Monday, November 6, 2017

Observing Boundaries

In the big city there is a small but vocal minority of individuals who think tree farming is  anathema. 

I am not not making this up.  

As a matter of fact it has attracted the attention of a larger number of level-headed people who are scratching their level and reasonable heads over their misguidedness.  It is a new low that the malcontents have raised their contempt to a personal level.  Publicly fingering me - and I suppose my wife by association - for ridicule and contempt.  It does their cause no good.   

Practically speaking the Missus and I are OK as we know that growing and harvesting trees provides direct employment for millions of men and women, and millions more in secondary, related employment.  Working forests are good for the environment, providing a renewable resource, clean air, clean water, wildlife habitat, recreational opportunities and carbon storage.  Paper is a biodegradable, renewable, sustainable product made from trees.

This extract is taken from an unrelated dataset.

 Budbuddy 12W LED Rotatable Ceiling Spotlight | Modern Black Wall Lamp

If I had to hazard a guess this small group of grumpy people has to reconcile the use of toilet tissue at least once a day.  So why they would reserve such venom for sustainable forestry is a bit of a puzzle to me.  It's a crazy, mixed-up world sometimes.  Sheesh.

This past weekend the girls and I went out in the woods to mark the property boundaries.  This is in preparation for a consulting forester beginning the job of marking trees for harvest.  The north and south boundaries require nothing more than identifying a couple of corners as a county highway delineates the southern boundary and a dead-end gravel road constitutes the northern edge.  It is the west and east boundaries that needed some work.  

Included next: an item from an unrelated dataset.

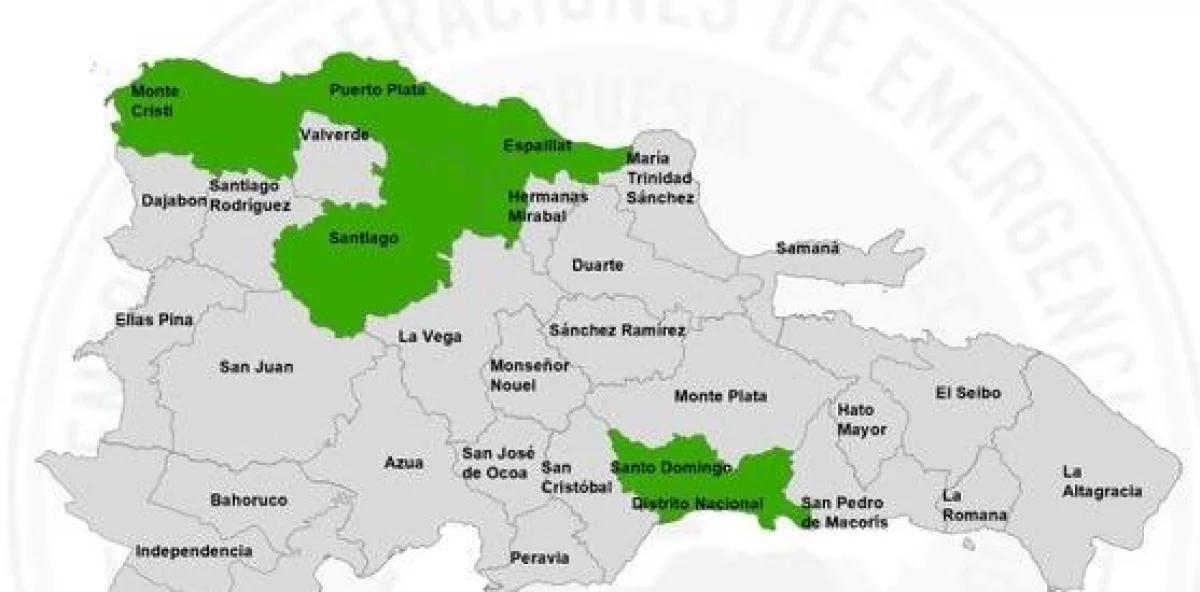 COE reduce alerta a cinco provincias y al Distrito Nacional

About half of of the two north-south boundaries is clearly marked by fence lines that used to serve to keep someone's cattle in or out back in an earlier time.  It is where woodlands have overtaken the other half that some marking is in order.

Some locations were easier than most.  As this example:

click on images for a better look

Even though there is mature woodland on both sides of this cattle fence it has likely been four generations since any livestock set foot here.  For other sections marking the boundary took on the attributes of an archeological surface survey.  And I had to hunt for old and moldering toppled fence posts and rusty strands of barbed wire tangled upon the ground. 


In any event any questionable lengths of property line have been marked with bright fluorescent pink flagging tape.  

 neighbor's buckthorn in the background

A side benefit of this chore was the opportunity to explore some places I've rarely walked and haven't seen in more than one or two decades.  Scouting for deer sign was on the list too.  The dogs were completely pooped by the time we finished and I shared a bit of their exhaustion as well.  Brush-busting on uneven terrain is tough on two legs.  

I'm going to keep this logging project moving along as I know that a thinning is going to allow the species we wish to favor an opportunity to spread their branches and enter another big growth spurt.

Funny thing about all of this is that more than a couple of decades ago much of this was sterile and sensitive farm land - devoid of wildlife habitat.  Reforestation and active management changed this and is all good for the forest and the multitude of creatures that dwell here. Indignation of the tetchy minority aside.

Who knows - maybe the grumpy might come to their senses. And perhaps observe some reasonable boundaries...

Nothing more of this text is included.